There is some silence in my life. Not much, but some. Like for two minutes after NCS falls asleep, before I leave him to go get a few things done while he naps. During those few moments of quiet, I think about what I would like to write in my blog or in my journal. Now that I am here in front of my keyboard, those thoughts have eluded me.
I just read Eat, Pray, Love (no underline tool here?). It was a fabulous book, and I plan on rereading it soon. Only a few pages into it, I called L. to ask if she had read it. "Twice," she said. "I'm trying to model my life after it." Puhleeze. My dear friend, L. has found her life in a mess of trouble, to put it extremely lightly. I think she has lost her marbles. Well, the ones she had left after her husband sucked all of the life out of her figurative bag of marbles.
NCS and I have been very busy. First there was Thanksgiving, then all the readying-for and the arrival of Christmas. And my dear husband had a cold for almost a month. Now we're back in the swing of things, and we are booked. We still have music class one day a week, at least two playdates a week. Where does all the time go? Oh yeah, that's right! A good chunk of it is spent with me trying to get him to sleep!
I'll try to be better about collecting my thoughts instead of just catching them in what closely resembles a butterfly net.
Things I think about:
trying to formulate a financial plan to be able to have another baby, not likely
trying to formulate a financial plan to be able to have another baby before I retire, not likely
trying to encourage NCS to speak instead of signing everything
will NCS be accepted to preschool for the summer session?

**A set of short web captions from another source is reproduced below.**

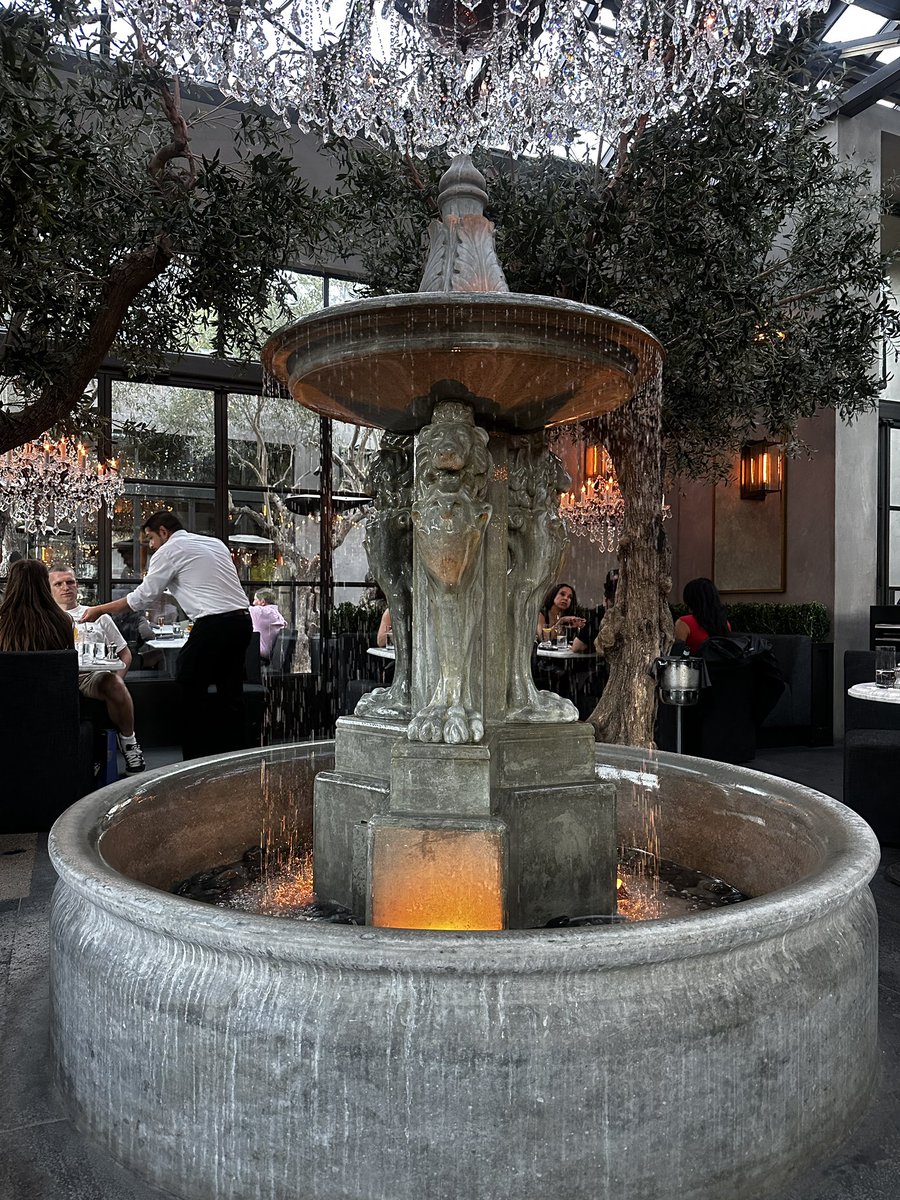 raeNOcharles's tweet image. Dinner in Napa 🥂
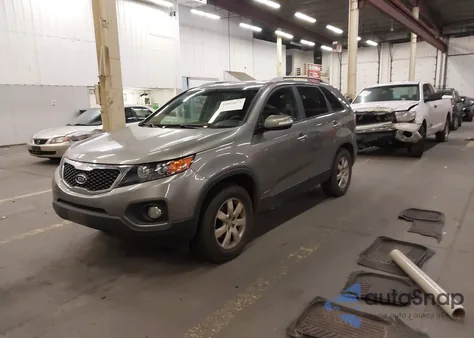 2013 Kia Sorento Lx V6 z USA, uszkodzony, nr VIN 5XYKTDA21DG422270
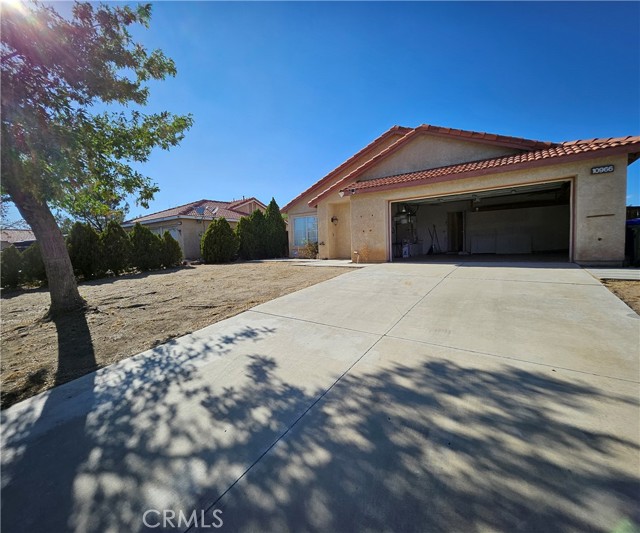 Property photo of 10966 Willow LN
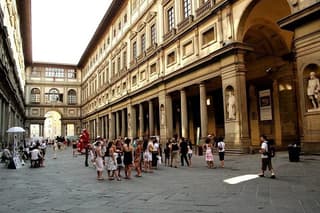 Piazzale Uffizi Gallery The Experience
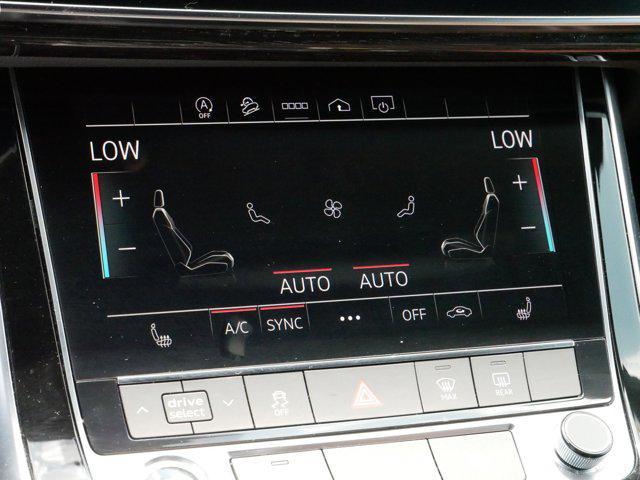 Photo of 2022 White Audi Q7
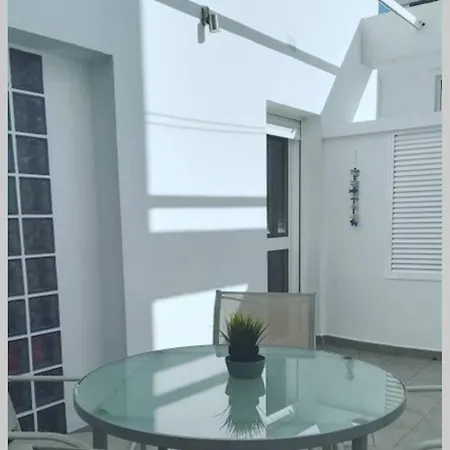 Garum, Luminoso Con Parking Y Patio Privado *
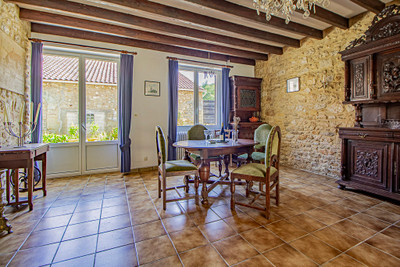 French property for sale in Montcabrier, Lot - €449,000 - photo 7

where will NCS go to preschool if he isn't accepted into our first choice school?
should I find a church to attend with NCS?
if so, what denomination?
when should I try to go back to school?
when I do, what should I major in? where would I attend? how will I find the time?
why is my business so slow?
if NCS gets into preschool, can I find a job to coincide with those hours?
won't I miss him so desperately when he goes to school? is that the beginning of the end of our baby time together? will he stop needing me as much?
if NCS goes to school, will he eat?
what color should I paint the garage?